1. Minimum value (or lowest value that is not an outlier)
2. Lower quartile (Q1) -- the value below which 25% of the data falls
3. Median (Q2) -- the middle value (50th percentile)
4. Upper quartile (Q3) -- the value below which 75% of the data falls
5. Maximum value (or highest value that is not an outlier)

Structure of a box plot

• A box is drawn from Q1 to Q3. The length of the box is the interquartile range (IQR) = Q3 - Q1.
• A line inside the box marks the median.
• Whiskers extend from the box to the smallest and largest values within the non-outlier range.
• Outliers are plotted as individual points (crosses or dots) beyond the whiskers.

Identifying outliers

An outlier is typically defined as any value that lies:

• Below Q1 - 1.5 x IQR, or
• Above Q3 + 1.5 x IQR

Exam Tip: Always state the outlier rule you are using. If the question says "an outlier is defined as a value more than 1.5 x IQR beyond the nearest quartile", use that definition exactly.

Interpreting box plots

• The position of the median within the box tells you about the symmetry of the distribution. If the median is in the centre of the box, the distribution is approximately symmetrical. If the median is closer to Q1, the distribution has a positive (right) skew. If the median is closer to Q3, the distribution has a negative (left) skew.
• A long whisker on one side indicates the data is more spread out in that direction.
• A narrow box means the middle 50% of the data is tightly clustered.

---

Cumulative Frequency Diagrams

A cumulative frequency diagram shows the running total of frequencies up to each class boundary.

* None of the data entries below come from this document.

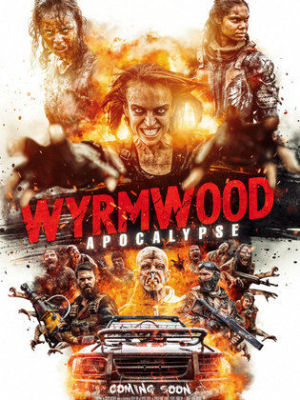 Wyrmwood: Apocalypse [Russian]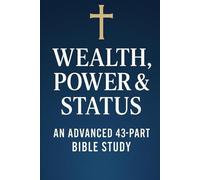 Wealth, Power & Status: An Advanced 43-Part Bible Study | Scripture, Lessons, Reflections & Prayers for Growing in Faith and Trusting Christ Over ... Growth with GHOSTLIGHT OPERATOR 743)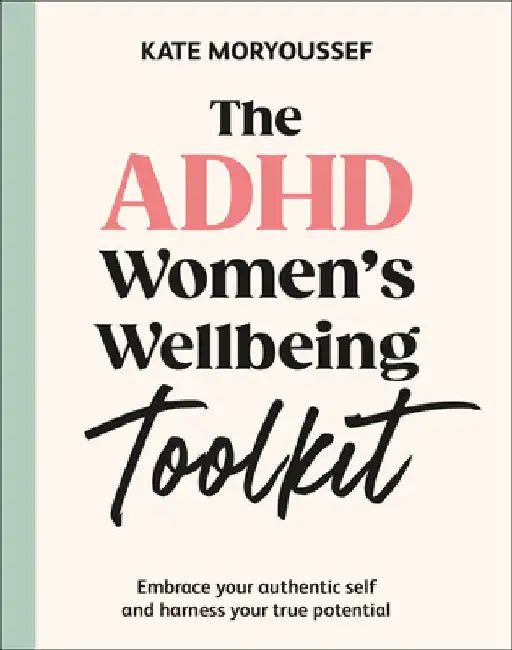 The ADHD Women's Wellbeing Toolkit: Embrace Your Authentic Self and Harness Your True Potential by Kate Moryoussef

How to draw a cumulative frequency diagram

1. Create a cumulative frequency table: for each class, add the frequency of that class to the total of all previous classes.
2. Plot each cumulative frequency against the upper class boundary of its class.
3. Join the points with a smooth curve (or straight line segments).

Reading values from a cumulative frequency diagram

• Median: read across from the point where cumulative frequency = n/2 (where n is the total frequency).
• Lower quartile (Q1): read across from cumulative frequency = n/4.
• Upper quartile (Q3): read across from cumulative frequency = 3n/4.
• Interquartile range: IQR = Q3 - Q1.
• Percentiles: the p-th percentile is found at cumulative frequency = (p/100) x n.

Example

Weight (kg)	Frequency	Cumulative Frequency
50 ≤ w < 55	8	8
55 ≤ w < 60	15	23
60 ≤ w < 65	22	45
65 ≤ w < 70	18	63
70 ≤ w < 75	12	75
75 ≤ w < 80	5	80

Total n = 80. Median is at cumulative frequency 40. This falls in the 60 ≤ w < 65 class.

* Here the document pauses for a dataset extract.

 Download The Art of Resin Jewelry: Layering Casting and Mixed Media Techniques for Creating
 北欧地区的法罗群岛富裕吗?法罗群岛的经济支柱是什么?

Exam Tip: Always plot cumulative frequency against the upper class boundary, never the midpoint.

---

Histograms (Including Unequal Class Widths)

A histogram is a bar chart where the area of each bar represents the frequency. This is particularly important when the classes have unequal widths.

Frequency density

The vertical axis of a histogram is frequency density, calculated by:

Frequency density = Frequency / Class width

Why frequency density matters

If class widths are equal, you can use frequency directly. But when class widths are unequal, using frequency directly would be misleading because a wider class would appear to have more data simply because its bar is wider. By using frequency density, the area of each bar equals the frequency, making the chart fair.

Example

Time (minutes)	Frequency	Class Width	Frequency Density
0 ≤ t < 5	10	5	10/5 = 2.0
5 ≤ t < 10	15	5	15/5 = 3.0
10 ≤ t < 20	30	10	30/10 = 3.0
20 ≤ t < 40	24	20	24/20 = 1.2
40 ≤ t < 60	6	20	6/20 = 0.3

To find the frequency from a histogram: Frequency = Frequency density x Class width (i.e. the area of the bar).

Reading a histogram

• The tallest bar does not necessarily represent the highest frequency -- always check the width.
• To find the frequency, calculate the area of each bar (height x width).
• The modal class is the class with the highest frequency density.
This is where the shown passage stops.